> On Jan. 28, 2014, 8:48 p.m., Joel Koshy wrote:
> > Overall, this looks great. Here are a few comments - I have some more
> > minor/stylistic comments (typos in comments and broken javadoc, code
> > conventions, minor javadoc edits and such) which I would rather defer for a
> > later more final patch.
> > 
> > I only did a cursory review of Protocol (which I on the surface looks very
> > promising) and did not review the unit tests and metrics package. WRT
> > metrics I'm a bit ambivalent - i.e., my preference would be to resolve that
> > first if you intend to switch to custom metrics or just stick to coda hale.
> > The main benefits I see are full control over how metrics are computed
> > (e.g., coda hale metrics at least in the version we are using makes it
> > difficult/impossible to configure reservoir samples sizes, decay constants,
> > reporting intervals, etc.) and predictable API.
> > 
> > A lot of logging and stats are missing (e.g., request rates, callback
> > execution time, ser-de time, etc.). I'm assuming these will be addressed in
> > your final patch.
> >

Yes, I held off on adding metrics and stats until we agree on how to do that.


> On Jan. 28, 2014, 8:48 p.m., Joel Koshy wrote:
> > clients/src/main/java/kafka/clients/producer/KafkaProducer.java, line 182
> > <https://reviews.apache.org/r/17263/diff/1/?file=436445#file436445line182>
> >
> >     This could add a couple minutes startup for producers that send to 
> > several
> >     topics (such as mirror-makers) since metadata lookup (at startup) will 
> > be
> >     issued serially for each topic.
> >

Wait, why? Shouldn't metadata fetch be very fast?

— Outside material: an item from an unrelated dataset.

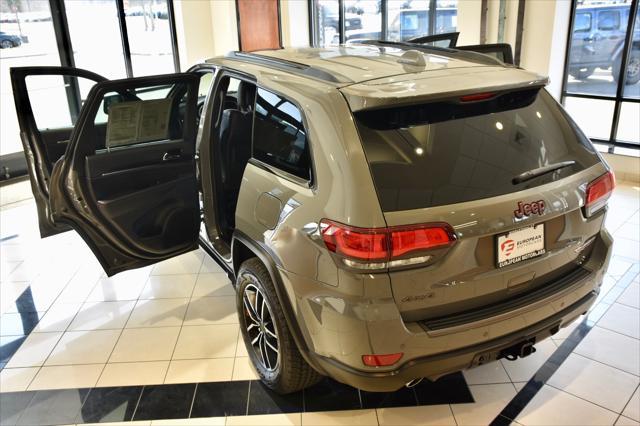 used 2021 Jeep Grand Cherokee car, priced at $30,990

> On Jan. 28, 2014, 8:48 p.m., Joel Koshy wrote:
> > clients/src/main/java/kafka/clients/producer/KafkaProducer.java, line 186
> > <https://reviews.apache.org/r/17263/diff/1/?file=436445#file436445line186>
> >
> >     IIRC our current producer allows re-partitioning to an available 
> > partition.
> >     We can probably do something similar on producer errors, but arguably
> >     that approach is an artifact of longer than ideal leader election 
> > latency.
> >

You can kind of do this. That is you can mimic the 0.7 behavior by having a 
partitioner that only partitions to available partitions irrespective of key. 
Since there are no retries yet I think this is effectively as good as it gets.

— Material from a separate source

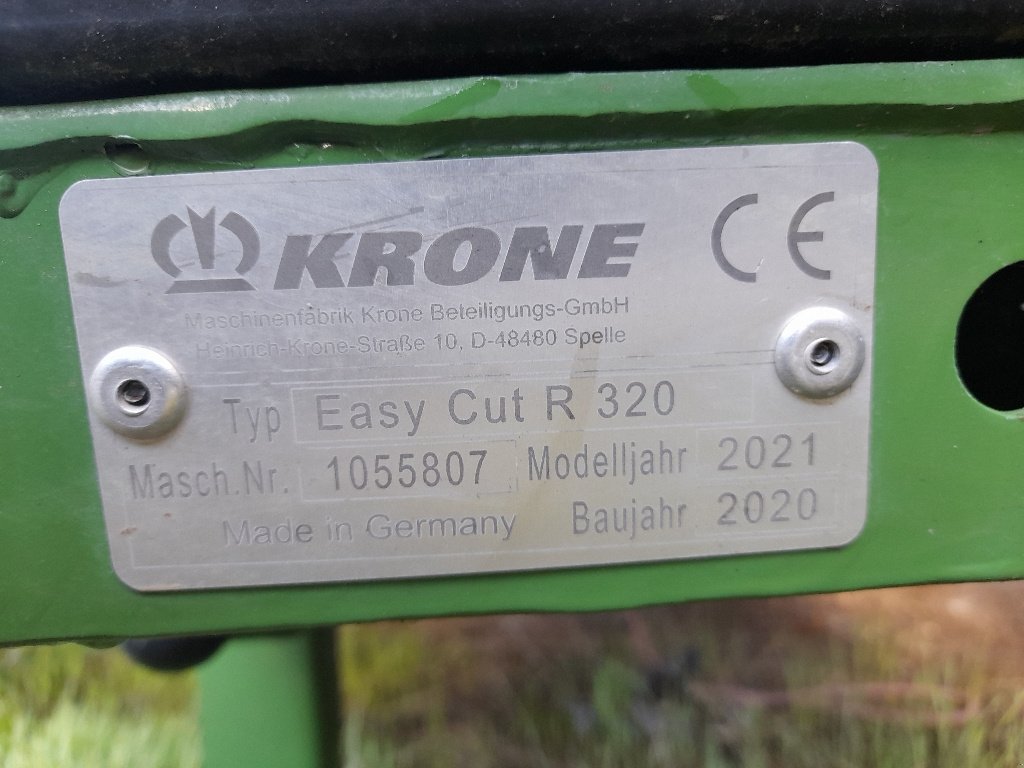 Mähwerk типа Krone Easy cut 320, Gebrauchtmaschine в Neufchâtel-en-Bray (Фотография 5)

I am a little averse to the idea of some kind of -1 partition that is handled 
magically by the producer but that is also an option.

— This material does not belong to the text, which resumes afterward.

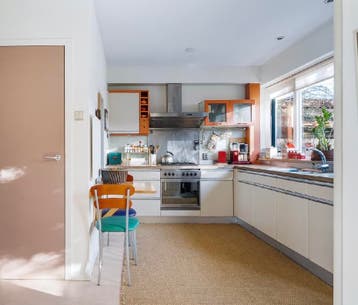 Complete gebruikte keuken inclusief apparatuur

> On Jan. 28, 2014, 8:48 p.m., Joel Koshy wrote:
> > clients/src/main/java/kafka/clients/producer/internals/BufferPool.java, 
> > line 21
> > <https://reviews.apache.org/r/17263/diff/1/?file=436452#file436452line21>
> >
> >     My reading of bufferPool - let me know if this is incorrect:
> >     - For most producers, most allocations will be of batch-size. (And most
> >       batches will not entirely fill the batch-size buffer).
> >     - Batch size needs to be properly tuned:
> >       - If too low, then you end up having (typically) one of the following:
> >         - Messages exceed batch size and thus poolable size and so you end 
> > up
> >           having to allocate on every record.
> >         - Messages fit but you have more sends than (probably) necessary 
> > given
> >           that you are sending smaller requests
> >       - If too high, then you could end up wasting a lot of memory 
> > especially
> >         for producers such as the mirror maker which produces to several
> >         partitions.
> >             
> >     It is an interesting approach, and I will think about it more. I would
> >     expect it to work very well for 90% of producers that send to a few 
> > topics,
> >     but it may be problematic for large producers such as mirror makers for
> >     which my intuition is that even very simple memory banks (i.e., a few 
> > levels
> >     of free lists) would address without fully reimplementing malloc. E.g., 
> > for
> >     each free list if we were to maintain counts on percentage of
> >     smaller-than-half allocations we could if necessary create a free list 
> > of
> >     smaller poolable sizes and keep a global cap on the number of free 
> > lists.
> >

Yeah I originally shared a lot of your concerns, but consider a few additional 
things:
1. I don't think that for large messages doing an allocation and send 
per-message is a problem because the sending of bytes will dominate. i.e. I 
think we could hard code a batch size of 16k and it would be close to optimal 
for most producers. Basically the goal is to avoid small allocations/sends not 
to avoid per-message allocations/sends.
2. The memory fragmentation problem is not as bad as it seems. Keep in mind 
that each java object significant overhead. Keeping around a list of 
ProducerRecord instances is actually pretty pricy if you sit and add up the 
actual per message overheads. I think also internally malloc/new must have 
fragmentation, that is when you ask for 15 bytes you often get more than 15 
bytes. I'm not convinced this strategy is that much worse.
3. One optimization that Neha pointed out that would improve things would be to 
take all ready batches for a partition. I think this could be added later.
4. With 16k batch size and 1000 partitions you only need 16M of buffer space 
which is not unreasonable so I think this may work even for mirror-maker like 
cases.

That said if you have some thoughts on how the pooling could work I would be 
interested to hear it. I considered something like what you describe where I 
pick a few sizes to pool at, but it definitely adds some complications and 
corner cases so the challenge is to algorithmically work through some of these.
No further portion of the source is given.